Se o autocrítico não tem juízo e o julgador não tem autocrítica, é um tanto possível que o julgador, desprovido de autocrítica, veja como reforço positivo o comportamento de conformidade da autocrítica. Em outras palavras, ele é um covarde e um conformado, enquanto o autocrítico tem uma certa autonomia ao agir; então fazê-lo se sujeitar é um reforço à covardia do julgador - ele se sente mais certo em seu conformismo e, de quebra, anula a possibilidade de a diferença positiva do autocrítico o incomode. O autocrítico, por sua vez, pode também querer se ver na razão, por meio da aprovação do julgador - que sempre está a condenar a todos. Se a gente for parar pra pensar, não é muito diferente do que aconteceu aqui há mais ou menos 500 anos, em que nossos nativos trocaram seu ouro por espelhos e seus costumes por uma religião fundamentalista - uma forma de tentar se enxergar pelas ferramentas do outro. É uma relação predatória para ambos os lados - apesar de eu não estar aqui pretendendo, nem por um segundo, relativizar as responsabilidades e consequências.

Contudo, o autocrítico um dia vai colher também os frutos do bem e do mau que semeou e, talvez nele, descartará o julgador enquanto tal.
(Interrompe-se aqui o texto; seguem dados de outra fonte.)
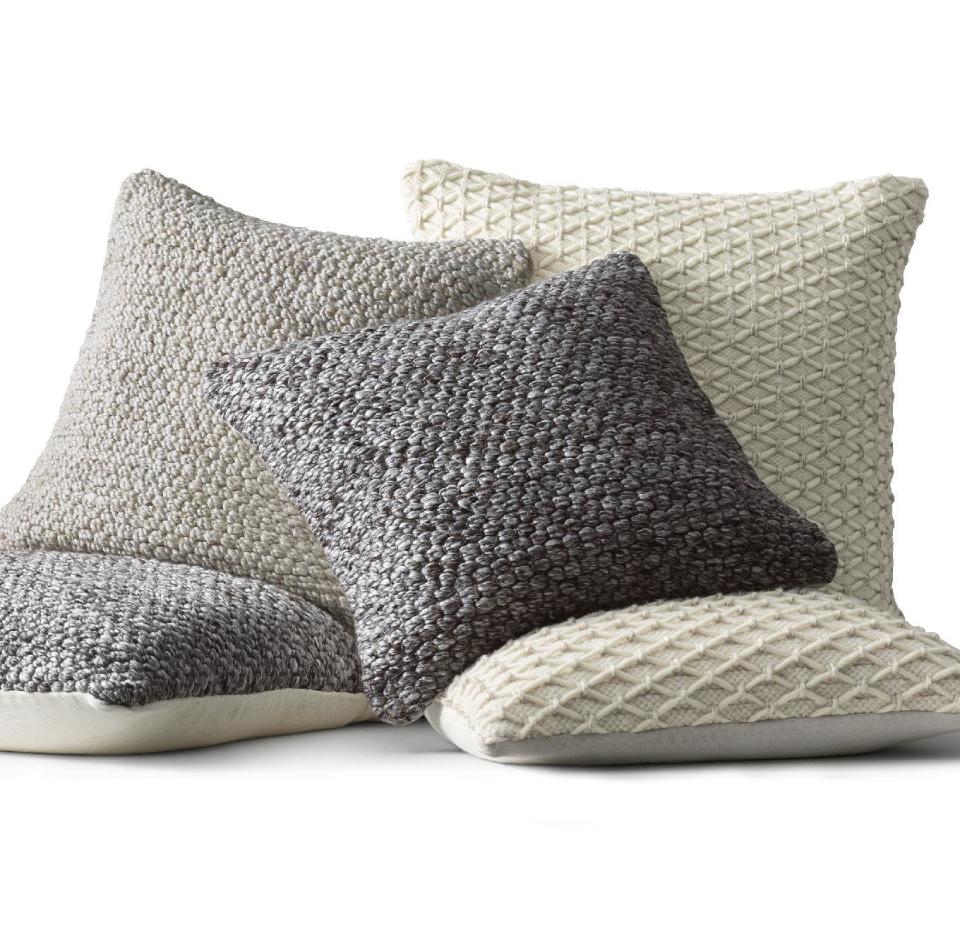 This undated photo provided by RH, Restoration Hardware, shows Ben Soleimani pillow covers. Soft wools, like these covers from Restoration Hardware's new collection, are part of the hygge vibe. (RH, Restoration Hardware via AP)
A partir deste momento, o julgador precisará enfrentar o próprio julgamento e isso torna o seu jogo e as substituições das cobaias meras formas de adiá-lo. Eles se assimilaram, o que quer dizer que o autocrítico aprendeu a julgar por si próprio e o julgador adquiriu autocrítica - com a qual ele certamente não está acostumado.

Uma fábula agora: Maria foi presa na casa da bruxa, certo? E, com isso, foi obrigada a alimentar o irmão para saciar a fome da Bruxa, certo? Voltemos ao início da história, quando eles ainda estavam perdidos diante da casa de doces:

Se o erro de Maria foi grande, ao ser atraída pelos doces da casa e acabar confiando em uma sequestradora e seu cativeiro, qual foi o tamanho do erro da bruxa?

Não foi ela que abriu a porta para a sua própria assassina e a deixou entrar?